> **TASK**:
Leaving out all pictures, copy the lines below exactly, from the line with "Gold - Front" to the last line, both ends included.

(Records drawn from a dataset)
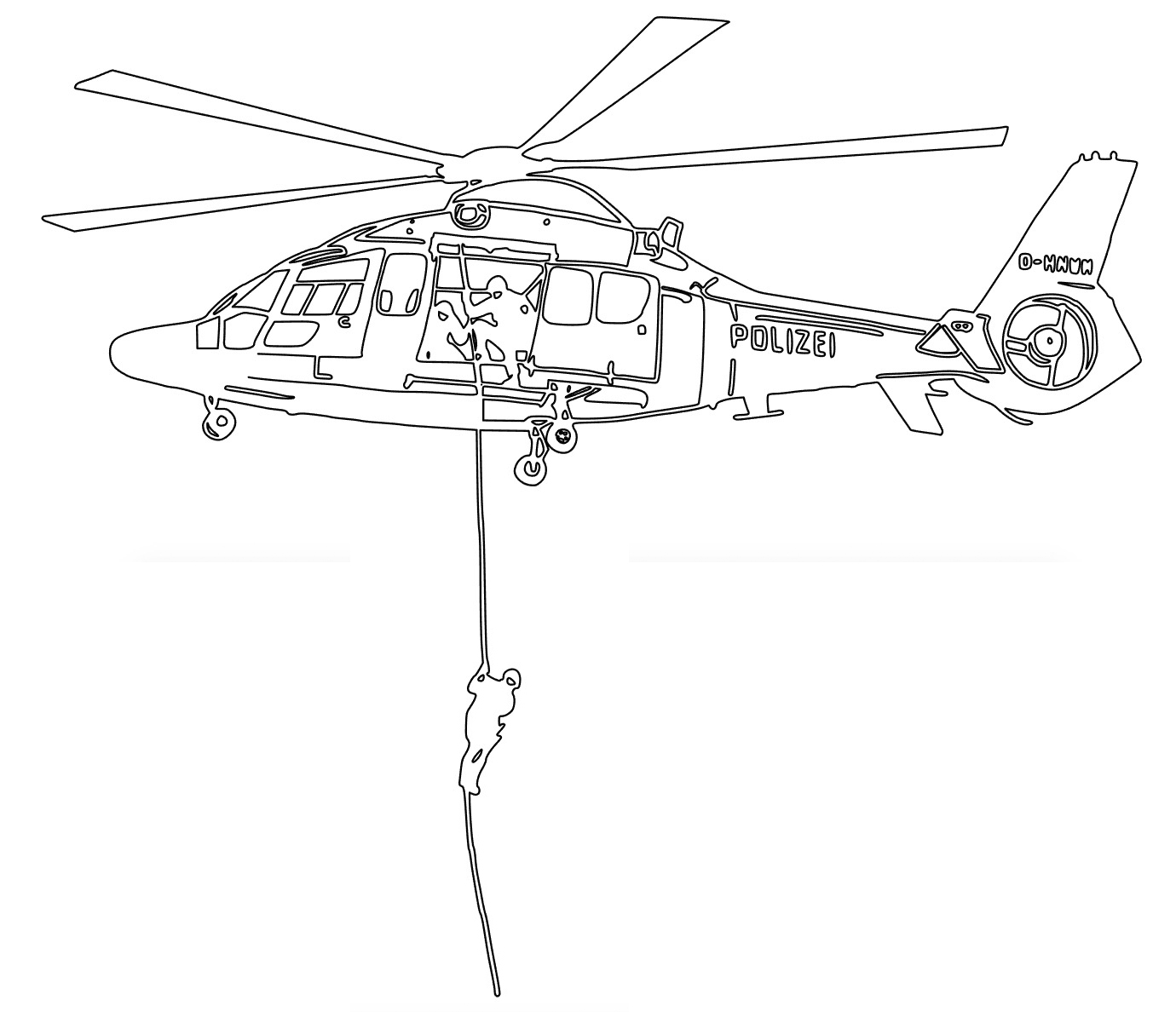 EC155 Ausmalbild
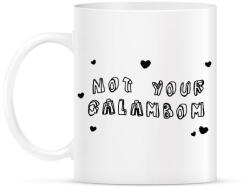 printfashion Not your Galambom - Bögre - Fehér (8534781)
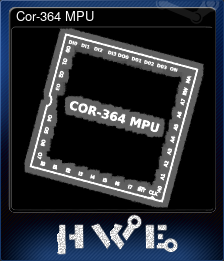 Series 1 - Card 4 of 7 - Cor-364 MPU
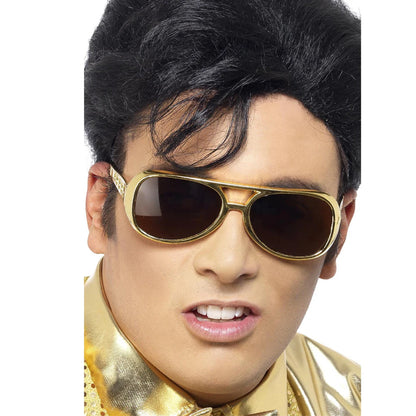 Gold - Front - Elvis Presley Unisex Adult Glasses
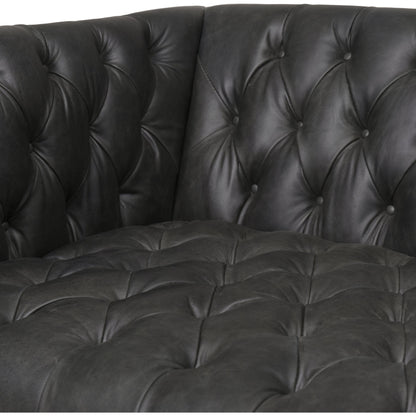 Williams Leather Sofa by Four Hands. Made from top grain leather, solid ash, 100% polyester in a rustic style.
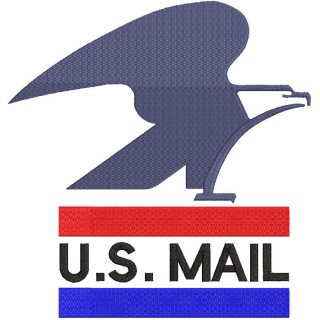 US mail old logo embroidery design - Embroidery Design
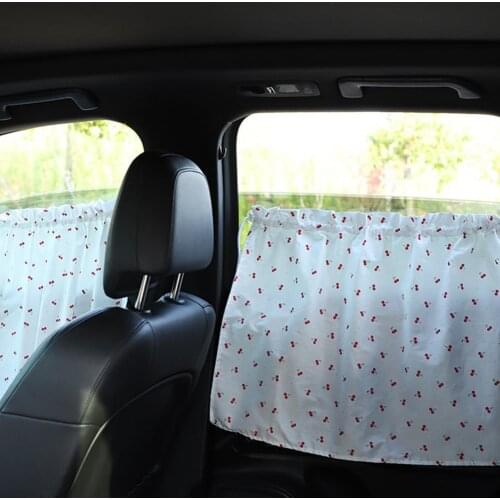 Car Curtain Sunshade Suspension Type Cartoon Car Cover Rear Side Window Curtain UV Protection Heat Shield for Baby Kid Children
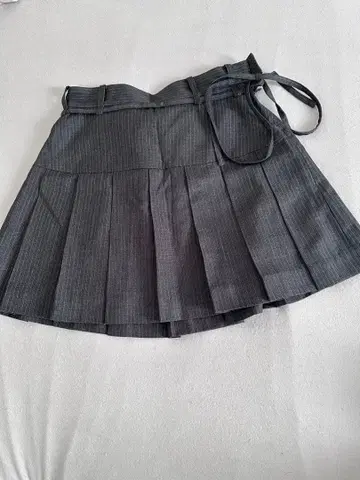 eimyistoire 그레이 플리츠 미니 스커트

> **YOUR SOLUTION**:
 Gold - Front - Elvis Presley Unisex Adult Glasses
 Williams Leather Sofa by Four Hands. Made from top grain leather, solid ash, 100% polyester in a rustic style.
 US mail old logo embroidery design - Embroidery Design
 Car Curtain Sunshade Suspension Type Cartoon Car Cover Rear Side Window Curtain UV Protection Heat Shield for Baby Kid Children
 eimyistoire 그레이 플리츠 미니 스커트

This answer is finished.